Records excerpted from a collection
>>>>>

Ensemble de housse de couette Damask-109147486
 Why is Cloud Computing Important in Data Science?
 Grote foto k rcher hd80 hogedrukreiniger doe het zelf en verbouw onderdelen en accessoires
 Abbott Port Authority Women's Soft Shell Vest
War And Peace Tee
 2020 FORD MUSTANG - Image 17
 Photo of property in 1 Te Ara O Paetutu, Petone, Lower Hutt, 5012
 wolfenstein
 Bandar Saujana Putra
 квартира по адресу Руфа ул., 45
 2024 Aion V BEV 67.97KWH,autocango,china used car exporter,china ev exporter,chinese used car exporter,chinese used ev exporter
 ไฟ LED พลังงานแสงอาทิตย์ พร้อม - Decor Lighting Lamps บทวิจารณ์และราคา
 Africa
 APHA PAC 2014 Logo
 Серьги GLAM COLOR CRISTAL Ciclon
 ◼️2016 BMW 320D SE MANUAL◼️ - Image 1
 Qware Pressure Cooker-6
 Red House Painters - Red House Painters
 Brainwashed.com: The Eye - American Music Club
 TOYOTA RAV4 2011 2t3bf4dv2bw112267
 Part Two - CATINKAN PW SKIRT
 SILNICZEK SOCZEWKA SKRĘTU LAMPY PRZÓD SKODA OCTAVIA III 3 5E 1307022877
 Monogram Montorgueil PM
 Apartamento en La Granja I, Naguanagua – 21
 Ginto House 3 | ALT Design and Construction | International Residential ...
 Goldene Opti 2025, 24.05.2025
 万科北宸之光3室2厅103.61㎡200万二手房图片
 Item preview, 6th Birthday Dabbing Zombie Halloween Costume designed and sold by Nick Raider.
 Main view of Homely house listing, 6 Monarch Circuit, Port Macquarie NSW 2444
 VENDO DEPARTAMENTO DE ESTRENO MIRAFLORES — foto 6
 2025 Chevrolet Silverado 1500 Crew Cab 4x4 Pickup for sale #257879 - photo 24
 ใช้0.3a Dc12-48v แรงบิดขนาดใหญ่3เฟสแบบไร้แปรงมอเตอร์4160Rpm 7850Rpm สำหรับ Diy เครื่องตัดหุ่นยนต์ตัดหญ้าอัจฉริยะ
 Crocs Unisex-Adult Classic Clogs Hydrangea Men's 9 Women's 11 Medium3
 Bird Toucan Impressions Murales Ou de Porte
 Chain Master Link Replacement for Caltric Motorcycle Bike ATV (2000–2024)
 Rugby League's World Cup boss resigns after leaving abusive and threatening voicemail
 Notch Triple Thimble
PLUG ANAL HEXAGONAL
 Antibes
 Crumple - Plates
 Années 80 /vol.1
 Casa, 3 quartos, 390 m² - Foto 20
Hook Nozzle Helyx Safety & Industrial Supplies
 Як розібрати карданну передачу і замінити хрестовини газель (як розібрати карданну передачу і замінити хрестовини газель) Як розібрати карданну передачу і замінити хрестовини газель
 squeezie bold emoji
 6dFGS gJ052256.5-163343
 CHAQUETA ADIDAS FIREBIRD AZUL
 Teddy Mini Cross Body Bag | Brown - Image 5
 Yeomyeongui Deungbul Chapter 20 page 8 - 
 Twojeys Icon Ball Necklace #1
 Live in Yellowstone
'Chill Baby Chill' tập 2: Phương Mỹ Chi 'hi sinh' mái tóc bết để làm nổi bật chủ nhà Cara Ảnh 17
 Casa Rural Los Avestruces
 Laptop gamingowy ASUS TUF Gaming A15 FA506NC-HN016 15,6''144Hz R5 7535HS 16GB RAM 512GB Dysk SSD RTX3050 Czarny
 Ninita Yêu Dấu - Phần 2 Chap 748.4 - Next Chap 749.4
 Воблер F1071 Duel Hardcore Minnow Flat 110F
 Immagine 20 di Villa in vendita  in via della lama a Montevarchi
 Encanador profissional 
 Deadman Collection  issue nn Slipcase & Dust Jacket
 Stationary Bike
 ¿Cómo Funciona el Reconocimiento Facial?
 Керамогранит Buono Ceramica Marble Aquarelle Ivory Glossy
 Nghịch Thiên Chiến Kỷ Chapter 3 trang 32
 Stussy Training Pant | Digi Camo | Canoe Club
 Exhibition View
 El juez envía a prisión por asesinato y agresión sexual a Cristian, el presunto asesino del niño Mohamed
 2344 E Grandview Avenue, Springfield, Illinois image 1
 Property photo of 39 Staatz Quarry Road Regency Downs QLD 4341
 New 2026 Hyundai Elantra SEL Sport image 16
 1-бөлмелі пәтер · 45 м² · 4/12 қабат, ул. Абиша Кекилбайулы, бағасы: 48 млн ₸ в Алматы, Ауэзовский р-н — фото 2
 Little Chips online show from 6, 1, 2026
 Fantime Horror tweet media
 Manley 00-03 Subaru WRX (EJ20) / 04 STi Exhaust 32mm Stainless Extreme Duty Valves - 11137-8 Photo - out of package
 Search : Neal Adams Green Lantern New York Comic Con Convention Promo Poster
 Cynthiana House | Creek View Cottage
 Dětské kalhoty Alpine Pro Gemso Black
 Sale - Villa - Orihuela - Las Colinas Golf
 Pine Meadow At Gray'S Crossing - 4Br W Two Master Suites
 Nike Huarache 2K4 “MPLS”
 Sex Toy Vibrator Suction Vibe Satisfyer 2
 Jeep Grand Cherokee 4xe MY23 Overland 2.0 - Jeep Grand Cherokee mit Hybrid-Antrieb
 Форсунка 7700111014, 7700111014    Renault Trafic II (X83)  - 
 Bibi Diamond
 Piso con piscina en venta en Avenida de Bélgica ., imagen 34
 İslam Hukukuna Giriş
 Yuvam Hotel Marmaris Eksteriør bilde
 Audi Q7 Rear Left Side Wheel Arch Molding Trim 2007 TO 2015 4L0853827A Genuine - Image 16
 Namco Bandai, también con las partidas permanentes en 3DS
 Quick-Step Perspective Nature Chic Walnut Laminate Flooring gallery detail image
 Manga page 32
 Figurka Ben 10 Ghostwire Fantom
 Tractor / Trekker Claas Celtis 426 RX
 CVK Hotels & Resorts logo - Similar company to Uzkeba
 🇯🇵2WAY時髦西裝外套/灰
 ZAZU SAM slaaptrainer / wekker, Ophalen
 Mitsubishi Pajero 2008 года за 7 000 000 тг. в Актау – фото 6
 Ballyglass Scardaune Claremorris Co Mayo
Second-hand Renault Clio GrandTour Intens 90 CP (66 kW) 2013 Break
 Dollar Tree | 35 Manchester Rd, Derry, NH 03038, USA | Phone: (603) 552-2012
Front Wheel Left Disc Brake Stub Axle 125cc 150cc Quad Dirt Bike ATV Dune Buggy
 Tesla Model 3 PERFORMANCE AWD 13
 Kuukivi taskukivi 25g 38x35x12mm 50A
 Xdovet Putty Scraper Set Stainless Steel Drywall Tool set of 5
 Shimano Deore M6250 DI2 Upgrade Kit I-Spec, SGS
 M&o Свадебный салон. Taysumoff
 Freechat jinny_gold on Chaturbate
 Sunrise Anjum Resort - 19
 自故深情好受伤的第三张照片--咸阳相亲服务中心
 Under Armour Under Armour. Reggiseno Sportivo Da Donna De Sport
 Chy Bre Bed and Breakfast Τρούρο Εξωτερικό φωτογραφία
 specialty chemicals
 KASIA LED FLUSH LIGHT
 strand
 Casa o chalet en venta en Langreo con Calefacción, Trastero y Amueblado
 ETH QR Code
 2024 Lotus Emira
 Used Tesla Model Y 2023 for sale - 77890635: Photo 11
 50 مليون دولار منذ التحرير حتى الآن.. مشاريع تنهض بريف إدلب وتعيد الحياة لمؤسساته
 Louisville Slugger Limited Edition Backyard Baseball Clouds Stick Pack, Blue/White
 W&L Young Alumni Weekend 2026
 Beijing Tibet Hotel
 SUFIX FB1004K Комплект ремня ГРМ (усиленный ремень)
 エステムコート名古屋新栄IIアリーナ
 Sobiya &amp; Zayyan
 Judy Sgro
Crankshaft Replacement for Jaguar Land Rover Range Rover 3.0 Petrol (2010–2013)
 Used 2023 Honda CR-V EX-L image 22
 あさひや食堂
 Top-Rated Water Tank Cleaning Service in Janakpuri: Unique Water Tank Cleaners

<<<<<

WHAT TO DO
Only one stretch of the data above is needed. Restate it word for word, from the line containing "Namco Bandai, también" through the line containing "Ballyglass Scardaune Claremorris Co Mayo", both ends included.

RESULT OF THIS TASK
 Namco Bandai, también con las partidas permanentes en 3DS
 Quick-Step Perspective Nature Chic Walnut Laminate Flooring gallery detail image
 Manga page 32
 Figurka Ben 10 Ghostwire Fantom
 Tractor / Trekker Claas Celtis 426 RX
 CVK Hotels & Resorts logo - Similar company to Uzkeba
 🇯🇵2WAY時髦西裝外套/灰
 ZAZU SAM slaaptrainer / wekker, Ophalen
 Mitsubishi Pajero 2008 года за 7 000 000 тг. в Актау – фото 6
 Ballyglass Scardaune Claremorris Co Mayo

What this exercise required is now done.